Today, same story, but for extensive javascript and tracking. If Ghostery lists more than 30 blocked items, just skip that page, its worthless.
(Score: 0) by Anonymous Coward on Tuesday January 05 2016, @12:48AM
> ...I didn't enable the 9 or 10 third-party domains too...
Actually, the number of third-party domains is 19.
Amazon Associates - Advertising, Affiliate Marketing
Brightcove - Widgets, Video Player
ChartBeat - Analytics
DoubleClick - Advertising
Gigya Social Analytics - Analytics
Google Tag Manager - Widgets, Tag Manager
Gravatar - Widgets
LiftDNA - Advertising
Media.net - Advertising
Moat - Advertising
Pinterest - Widgets, Social
RevContent - Advertising
Sailthru Horizon - Beacons
ScoreCard Research Beacon - Beacons, Analytics
ShareThrough - Advertising
SimpleReach - Beacons
TRUSTe Notice - Privacy
Twitter Button - Widgets, Social
Yieldbot - Beacons
This is insane, but no worse than most of the mainstream web these days...
(Score: 2) by Marand on Tuesday January 05 2016, @01:15AM
Oh wow, that's even more insane. My estimate came from what NoScript was showing as allowable domains. I guess Ghostery killed most of the crap before NS even got a chance to list it.

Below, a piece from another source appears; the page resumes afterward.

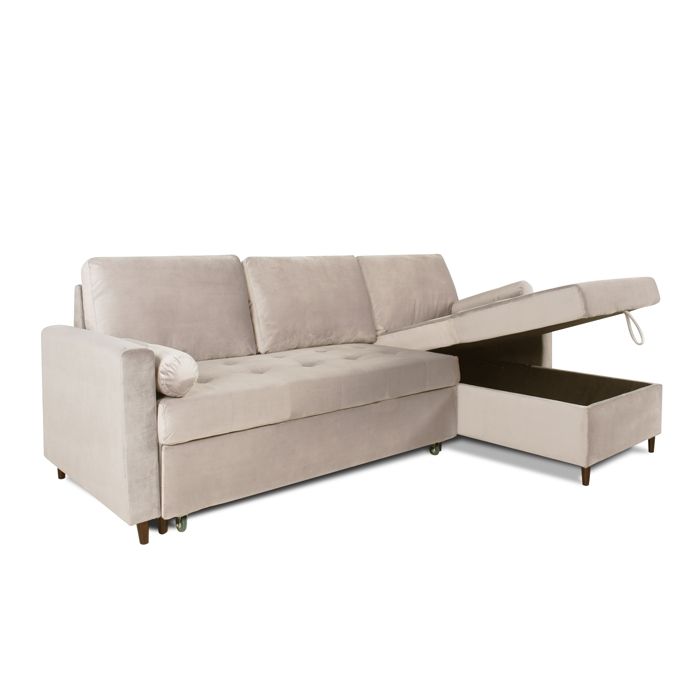 Canapé d'angle convertible réversible Claudio en velours beige - Vue supplémentaire 2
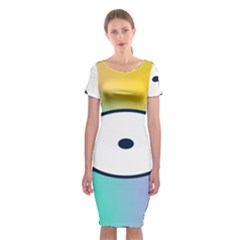 Illustrated Circle Round Polka Rainbow Classic Short Sleeve Midi Dress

(Score: 2, Informative) by Anonymous Coward on Tuesday January 05 2016, @02:39AM
Story archived @https://archive.is/kLyAB [archive.is]
(Score: 0) by Anonymous Coward on Sunday January 10 2016, @03:55PM
451 Unavailable For Legal Reasons
(Score: 0) by Anonymous Coward on Tuesday January 05 2016, @02:05PM
While I don't mean to defend their behavior, it worked fine for me on Firefox with Noscript and Adblock when I temporarily allowed forbes.com and forbesimg.com and left everything else disallowed. Perhaps you were letting too MUCH of their scripting through that was whining about adblock?
(Score: 2) by Marand on Tuesday January 05 2016, @09:15PM
That was what worked in firefox for me, as well; that's what tipped me off that chromium's infinite loop was probably something else. As it turns out, the biggest problem was chromium's incognito combined with adblock. (chromium uses nothing else since it's my backup.)
I doubt it is a deliberate decision (though the adblock nagging is, so maybe) rather it's probably just a side effect of the idiotic site design. It doesn't happen often, but I've encountered a few sites in the past that behave strangely with incognito but never cared enough to to find out why.